9.3In case of a defect in the goods or in any components of the goods within 2 years after delivery, the Company shall, at its own choice, repair or replace the deficient goods or components. This guarantee expires irrevocably (i) 2 years after the delivery date of the goods, (ii) in case the defect is a result of incorrect installation, configuration, use and/or maintenance of the goods by the Client or a third supplier.

9.4The Company is not liable for defects in hardware and/or Software attributable to inadequate or incorrect use or implementation by the Client or third parties. The Company does not accept any liability for damages resulting from the use of software or hardware by the Client that is not supplied by the Company, incorrect actions or non-compliance with legislation or with the instructions given by the Company, or from maintenance or support services not supplied by the Company.

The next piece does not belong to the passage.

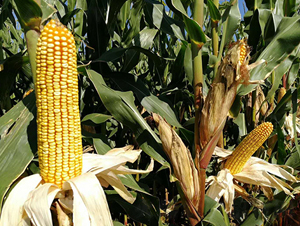 ����579-���׷N��-�|��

9.5To the best of the Company’s knowledge, the delivered goods and the Software do not infringe the Intellectual Property Rights of third parties. In case a third party would pretend that the goods and/or Software do infringe its rights, or if a third party would initiate legal proceedings against the Company or the Client on the basis of an alleged infringement of its Intellectual Property Rights, the Company has the right to decide in a discretionary manner to: (i) invalidate those allegations or claims, (ii) adapt the goods and/or Software so that they no longer infringe the rights of that third party, or (iii) withdraw the goods and/or Software from the Client against repayment of the license fee (pro rata of the use rendered impossible in a given license period). The Client has no right to claim additional damages from the Company.

 

Force majeure

10.1Situations out of the Company’s control, such as fire, flood, strikes, administrative measures, non-delivery of components by external suppliers and other unforeseen circumstances, will release the Company of its obligations under the Agreement for the duration of the situation of force majeure. In such event, the Client is not entitled to any indemnification by the Company.

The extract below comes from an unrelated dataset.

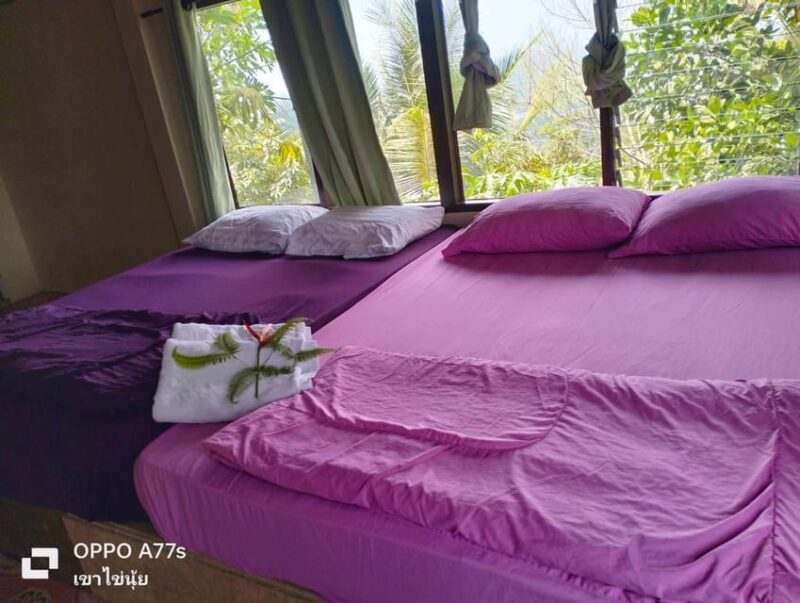 Khao Lak: Sea of Fog on Hill With Homestay One Night - Fog and Nature Sights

10.2If the situation of force majeure exceeds 2 months, the Parties will adapt the Agreement together or terminate it, without any indemnification for any Party.

 

Applicable law – Jurisdiction

11.1   The validity, interpretation, and implementation of this Agreement shall be governed by Belgian law.

11.2   All disputes with respect to the Agreement shall be submitted to the competent Court in Hasselt, Belgium.

Before instituting a procedure before the Court, the parties will, however, attempt to negotiate in good faith in order to reach an out-of-court settlement.

 

Varia

12.1Should any provision of the General Conditions, or the implementation thereof, be void or unenforceable, the other provisions will not be affected by this and remain in full force and effect. In this case the parties, within the limits of the applicable law, will draft a new stipulation that meets the objectives intended by the void or unenforceable stipulation, and include this in an annex to these General Conditions.